● Exercise description
Look through the listing below for the line containing "Physiotherapist examines athlete's". Copy it and each line after it up to and including the line containing "一个女孩走在贝加尔湖破裂的冰", exactly, leaving out pictures.

● Data shown
===============
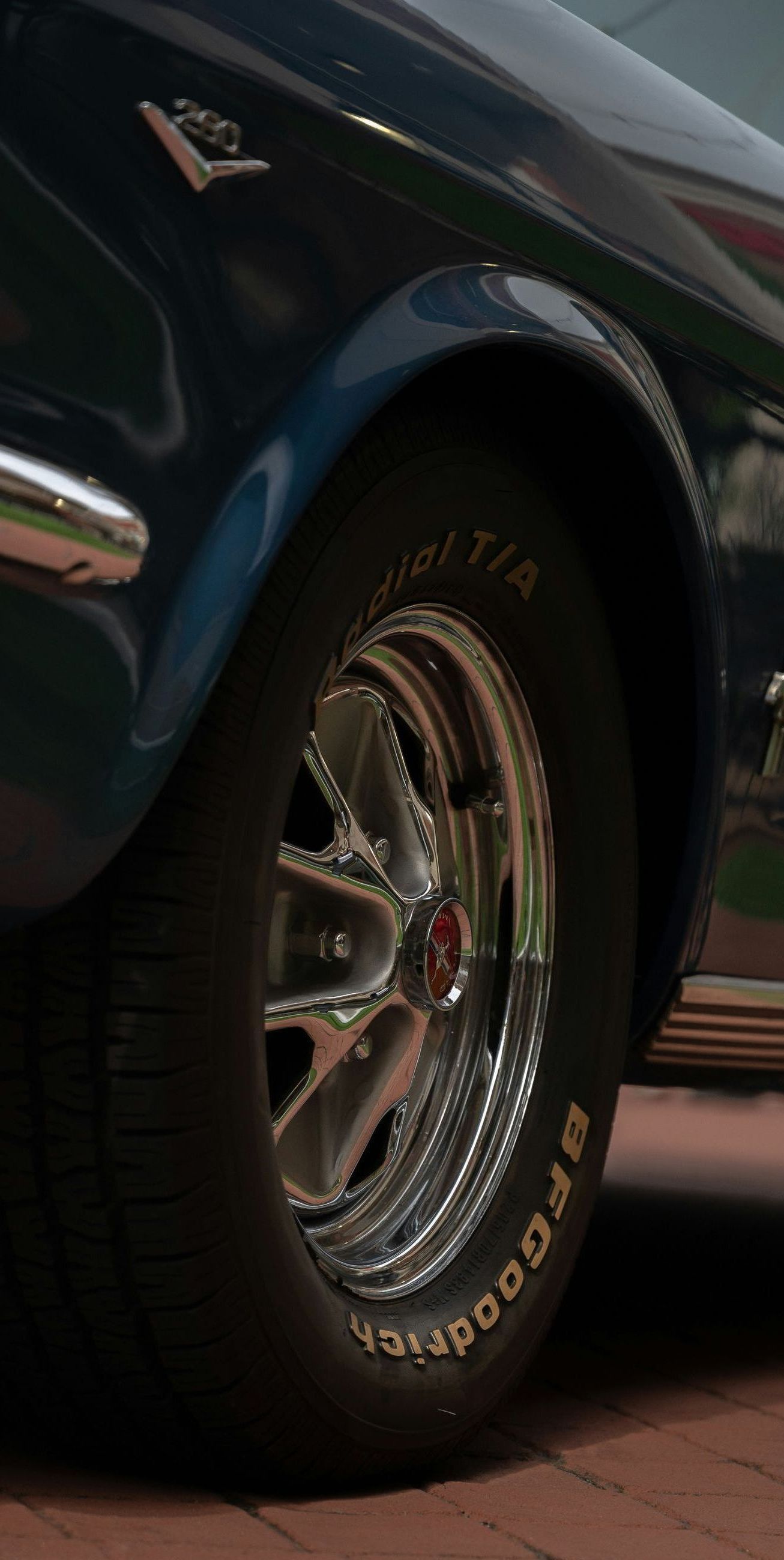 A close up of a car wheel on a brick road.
===============
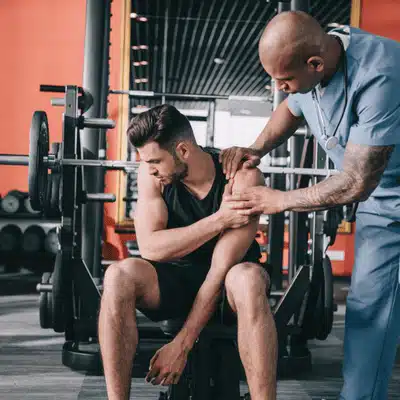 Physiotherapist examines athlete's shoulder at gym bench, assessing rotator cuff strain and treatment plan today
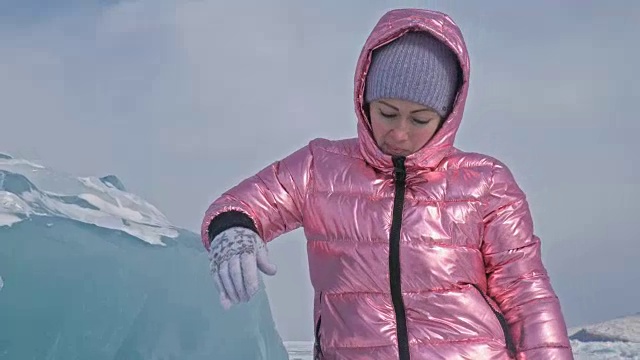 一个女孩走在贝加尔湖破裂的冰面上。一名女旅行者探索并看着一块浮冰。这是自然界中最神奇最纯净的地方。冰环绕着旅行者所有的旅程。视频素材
===============
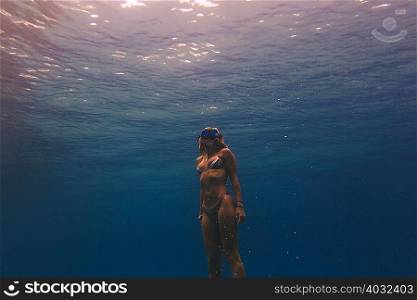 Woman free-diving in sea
===============
● Answer section
 Physiotherapist examines athlete's shoulder at gym bench, assessing rotator cuff strain and treatment plan today
 一个女孩走在贝加尔湖破裂的冰面上。一名女旅行者探索并看着一块浮冰。这是自然界中最神奇最纯净的地方。冰环绕着旅行者所有的旅程。视频素材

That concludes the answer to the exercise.